実は、かなり昔になるが、小生とはご近所つきあいとしての交流があったのだ。いや、交流とは呼べないか、挨拶をかわす程度であるが・・。
30年以上前だが、青山のデザイン事務所に1,2年ほどいたとき、そのビルには大手のモデル事務所と山本寛斎の事務所があった。
10時が出社時間で、そのころ「寛斎さん」とよく会った。必ず彼の方から明瞭な声で朝の挨拶をしてくれた。そして、長身でスタイルのよい彼が、きちっと腰を曲げてお辞儀をしてくれた。恐縮して、反射的に、こちらもお辞儀する。
小生だけにではなく、会う人誰にでも礼儀正しい挨拶をしていたと思う。はたから見ても気持ちが良いものだし、まさに「絵」になるシチュエーションだ。

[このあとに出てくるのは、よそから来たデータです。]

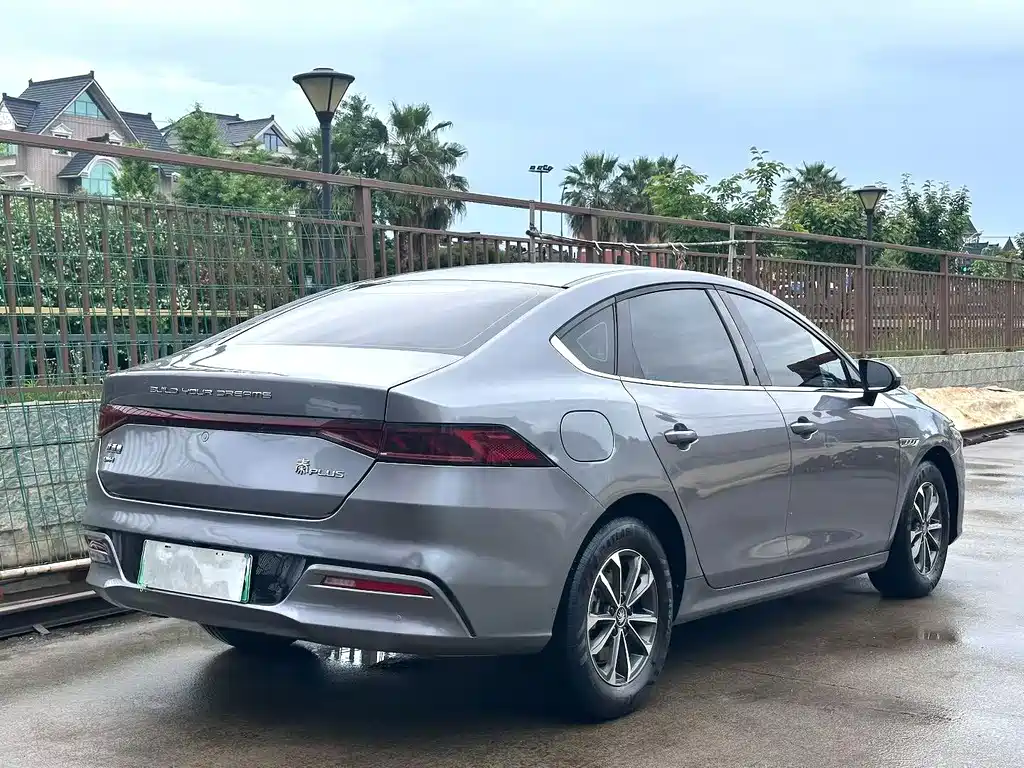 BYD Qin PLUS 2023 — фото 8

名実ともにファッション界の一翼をになう人物が、かくも腰の低い挨拶をするのかと、周りの人々は驚いたとおもう。
だから生前最後の事務所があった三軒茶屋の、寛斎さんを知る人ならば、その礼儀正しさや気さくな人柄を偲び、心から冥福を祈ったことに違いない。

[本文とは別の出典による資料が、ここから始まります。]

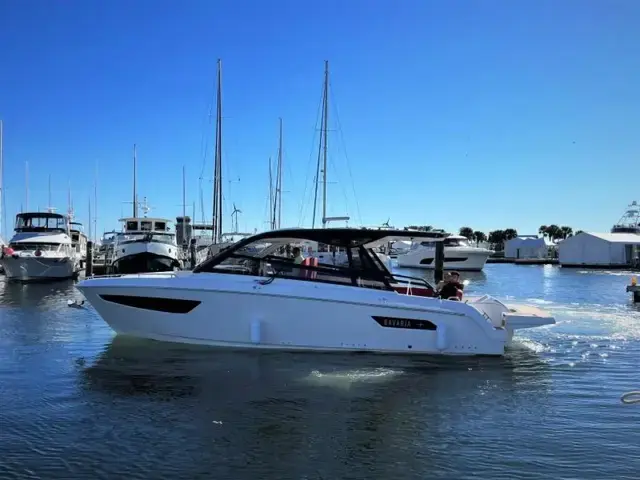 Bavaria Vida 33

弘田三枝子さんについても若干知るところがあり、この場であるがご冥福をいのりたい。

同時代に生きた人々が亡くなっていく。次から次へとは書き過ぎだが、そんな感慨をいだくほど訃報を目にしてしまう。
歳のせいもあるし、しょうがないことは分かっている。このブログにも追悼の記事を書くことが多い、最近は・・。やはり「死」への構えというか、心の準備をしているんだろうと省察してしまう。

 

ローマ皇帝だったマルクス・アウレリウスが書き残している。

遠からず君は何者でもなくなり、いずこにもいなくなることを考えよ。また、君の現在見る人びとも、現在生きている人びとも同様である。すべては生来変化し、変形し、消滅すべくできている。それは他のものがつぎつぎに生まれ来るためである。(12巻-21)

 

▲了院寺の鉢植えの蓮。白蓮がいつの間にか散った。かわりに赤い蓮の花の、なんと蕾のボリューミー。

▲連日の雨模様に疲れたのか、近づいても微動だにしない。生の流転、その最終章を迎えているか・・。